Der Eigentümer des westlichen Zweidrittel des Areals, die Göttinger Kurth Immobilien GmbH, war beim Planungsverfahren 2016 noch mit einem Neubauvolumen von 60-70.000 m² zufrieden und hatte sogar eine Variante vorgestellt, in der das Astra und das Urban Spree erhalten blieb (Link zu meiner Untersuchung). Das war etwa die Hälfte der Baumasse, die jetzt als unverhandelbare Notwendigkeit im Raum steht (Artikel dazu).
Heute wird geplant, als wäre das RAW eine nutzlose Brache.
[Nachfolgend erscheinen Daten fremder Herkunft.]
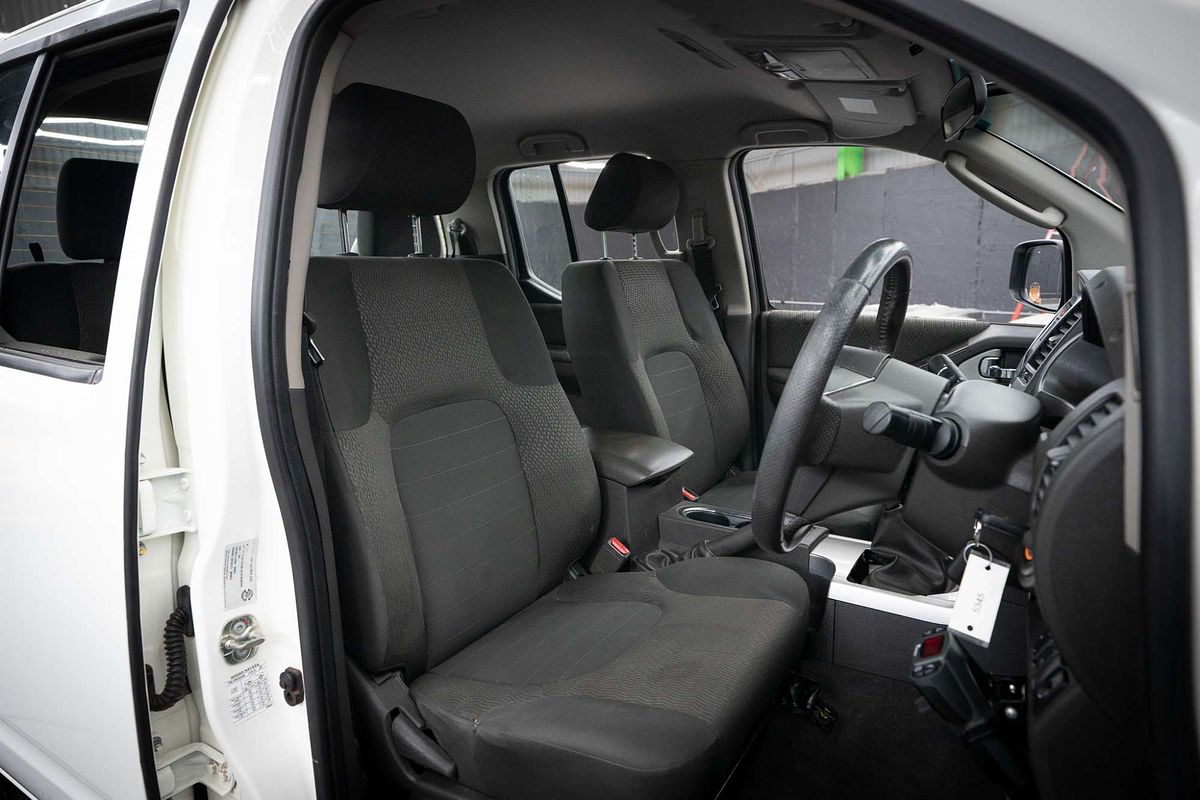 2013 Nissan Navara ST D40 Series 6 4X4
So wird einfach mal das Astra abgerissen, das Urban Spree und der Suicide Circus, die schönen Hallen entlang der Skaterhalle und ein wesentlicher Teil der Skaterhalle selbst, der Bestand am Kletterturm-Biergarten. Der heutige Parkplatz, wo immer eine Freifläche gefordert und beschlossen war, wird mit Neubaublocks zugeknallt, entlang der Revaler Straße werden Blocks in das Denkmalensemble eingesetzt, die es völlig verunstalten und im östlichen Bereich reißt die International Campus AG einfach schon mal alles ab, was den Hochhausplänen im Wege steht… Das alles lässt der Bezirk geschehen, obwohl er die Planungshoheit besitzt.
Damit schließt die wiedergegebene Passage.